>>>

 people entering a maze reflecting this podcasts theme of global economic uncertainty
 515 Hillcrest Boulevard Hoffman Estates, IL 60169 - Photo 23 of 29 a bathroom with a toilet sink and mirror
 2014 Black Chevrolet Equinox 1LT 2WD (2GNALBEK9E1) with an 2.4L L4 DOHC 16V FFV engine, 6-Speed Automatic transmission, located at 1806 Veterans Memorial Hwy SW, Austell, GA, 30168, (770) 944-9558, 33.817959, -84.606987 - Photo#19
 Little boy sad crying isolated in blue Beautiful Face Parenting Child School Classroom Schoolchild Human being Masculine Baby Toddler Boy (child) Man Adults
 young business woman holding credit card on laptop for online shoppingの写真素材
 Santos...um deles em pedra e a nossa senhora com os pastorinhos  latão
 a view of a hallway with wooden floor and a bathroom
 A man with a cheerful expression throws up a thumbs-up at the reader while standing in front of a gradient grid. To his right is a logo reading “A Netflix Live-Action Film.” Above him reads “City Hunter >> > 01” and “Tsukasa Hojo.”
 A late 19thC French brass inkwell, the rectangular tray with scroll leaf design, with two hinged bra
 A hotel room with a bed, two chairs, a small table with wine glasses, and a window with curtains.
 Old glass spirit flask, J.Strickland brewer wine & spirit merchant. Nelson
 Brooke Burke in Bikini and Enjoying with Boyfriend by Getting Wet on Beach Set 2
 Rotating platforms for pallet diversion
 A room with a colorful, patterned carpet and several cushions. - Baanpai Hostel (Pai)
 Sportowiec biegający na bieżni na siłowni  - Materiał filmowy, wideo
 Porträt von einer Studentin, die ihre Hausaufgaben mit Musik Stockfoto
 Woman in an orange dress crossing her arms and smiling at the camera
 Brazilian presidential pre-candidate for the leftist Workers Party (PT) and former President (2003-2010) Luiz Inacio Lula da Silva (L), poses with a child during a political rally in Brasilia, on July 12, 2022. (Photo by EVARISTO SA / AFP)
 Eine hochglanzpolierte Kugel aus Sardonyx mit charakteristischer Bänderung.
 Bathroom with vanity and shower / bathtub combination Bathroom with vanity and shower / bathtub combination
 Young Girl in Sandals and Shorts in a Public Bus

<<<

• _Task to complete_:
Give back, exactly as written, the stretch from the line with "Porträt von einer" through the line with "Eine hochglanzpolierte Kugel", and no other lines from the records above.

• _Solution to this problem_:
 Porträt von einer Studentin, die ihre Hausaufgaben mit Musik Stockfoto
 Woman in an orange dress crossing her arms and smiling at the camera
 Brazilian presidential pre-candidate for the leftist Workers Party (PT) and former President (2003-2010) Luiz Inacio Lula da Silva (L), poses with a child during a political rally in Brasilia, on July 12, 2022. (Photo by EVARISTO SA / AFP)
 Eine hochglanzpolierte Kugel aus Sardonyx mit charakteristischer Bänderung.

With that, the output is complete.